If we look at these in detail; the Continuous Integration (CI) is a process of automatically testing and building software after new bits of application code is integrated into a shared repository. This yields “builds” of the application that is in a working state at all times. Unit tests and integration tests are an integral part of the continuous integration process, where they validate the functionality of the software. This identifies bugs up-front and prevents wasted cycles down the line.
Whereas Continuous Delivery (CD) is a process of delivering applications created in the CI process to the production environment. Here, the apps get deployed into production-like environments where they go through additional automated tests (black-box testing) to ensure that they function and interact with other software systems as expected. Successful CD means that the builds are always ready for deployment to production, either via an automated or manual process.
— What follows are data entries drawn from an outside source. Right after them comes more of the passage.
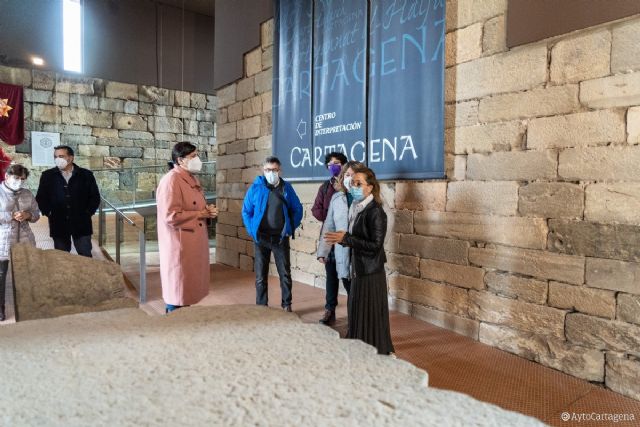 Las ménsulas del Castillo de la Concepción ya lucen en su nueva ubicación - 1, Foto 1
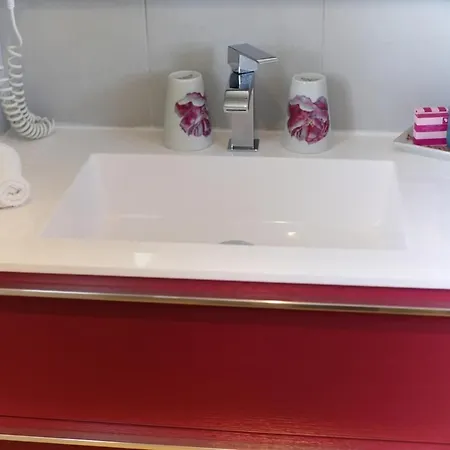 Hotell Casa Di Lucia Mi-hotel
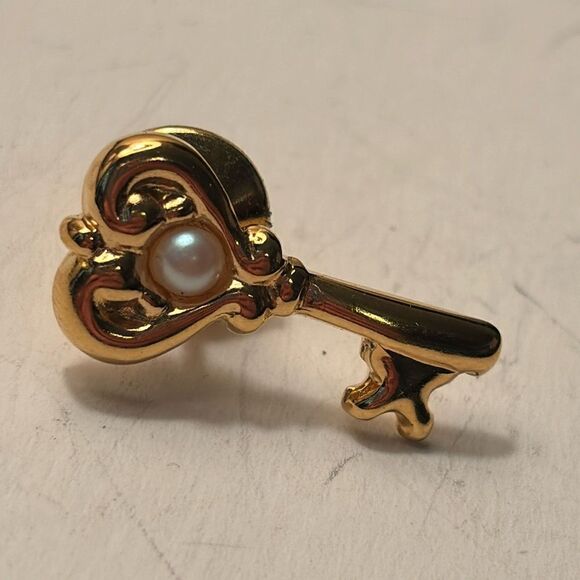 Vintage Gold Tone And Faux Pearl Key Shaped Lapel Pin - Picture 1 of 6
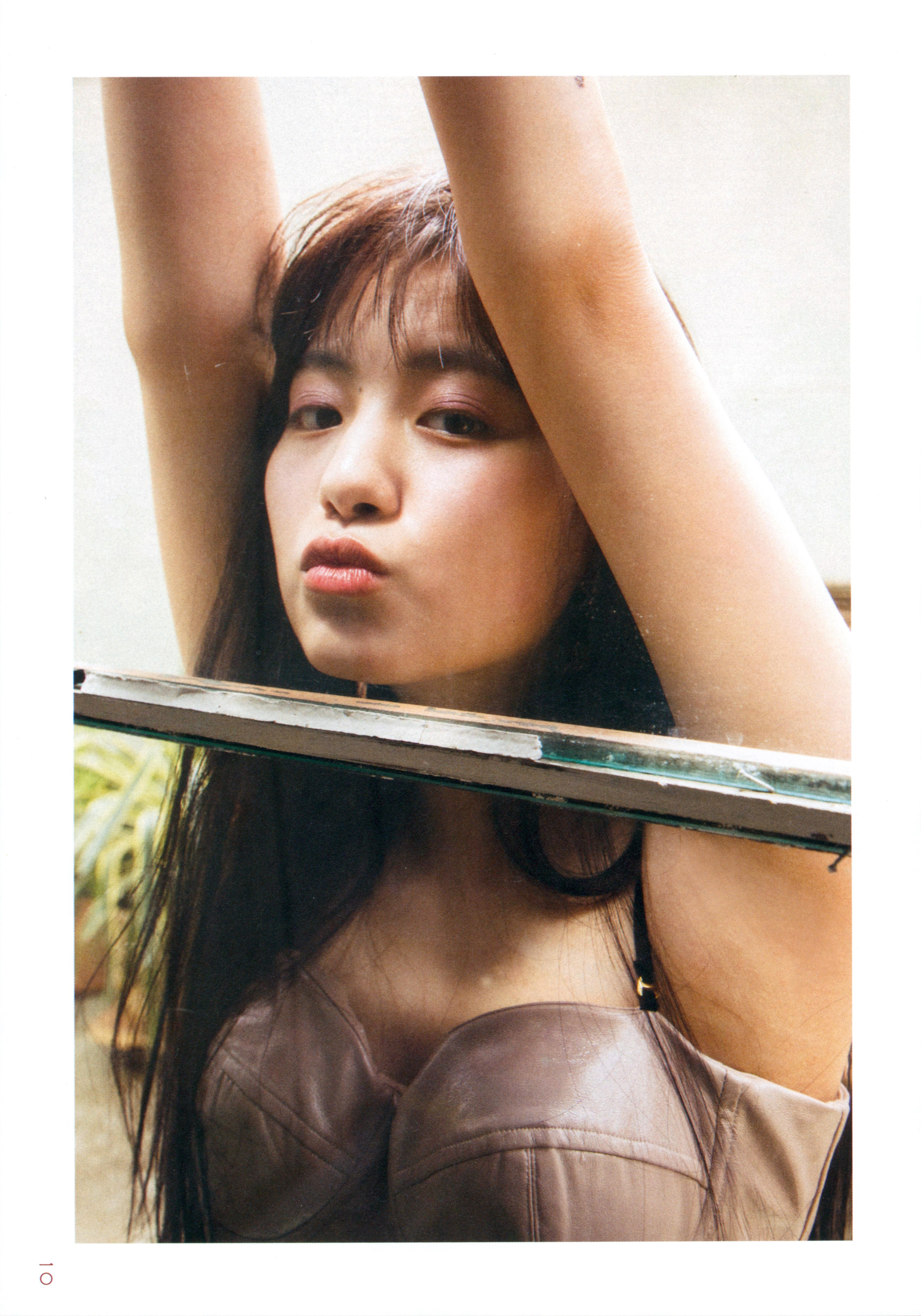 [Photobook] 鶴嶋乃愛フォトブック 恋と呼ばせて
It’s debatable whether “unit tests”, “integration tests” and “black-box tests” are the right terms. For simplicity’s sake we’ll call tests that run “within one process” without any external dependencies as “unit tests”, the ones that run with a mock or scaled-down version of the external systems as “integration tests”, and the ones run in a production-like environment as “black-box tests”.
Siddhi Test Framework
Implementing an effective CI/CD pipeline can require lots of effort and writing plenty of boilerplate code. This process has been simplified using the Siddhi Test Framework which is a TestNG based implementation that has enough prewritten components to help developers implement unit, integration and back-box tests for their Siddhi Apps.
The test framework when needed dynamically spawning dependent containers and allows apps to integrate with external systems to test and validate their functionality and integration against the whole ecosystem.
The following diagram depicts a reference implementation of the CI/CD pipeline of Siddhi Apps.
As a prerequisite, developers need to create a Siddhi Runtime Docker image and publish them to the Docker Registry if they use extensions that are not packed by default in the Siddhi Runner or is they use any other custom jar. Further, the developed Siddhi Apps (.siddhi script files) should be maintained in a code repository such as GitHub.
The CI/CD process is triggered when the developer pushes a commit with changes to the Siddhi application in the Git repository. The CI server notices the change and starts running through its pipeline. The pipeline would be configured to perform both Continuous Integration and Continuous delivery tasks.
As part of Continuous Integration, the pipeline would run unit tests by running Siddhi Application in isolation, and performs integration tests by running the application and dependent services as Docker containers. This ensures that the updated Siddhi application functions as expected.
Then, in the Continuous delivery phase, the CI server requests the Kubernetes cluster to deploy a production-like environment and runs black-box tests against the updated Siddhi application by letting it communicate with other dependent services in the environment. Upon successful tests, it requests the Kubernetes cluster to move the updated Siddhi Application to the production environment.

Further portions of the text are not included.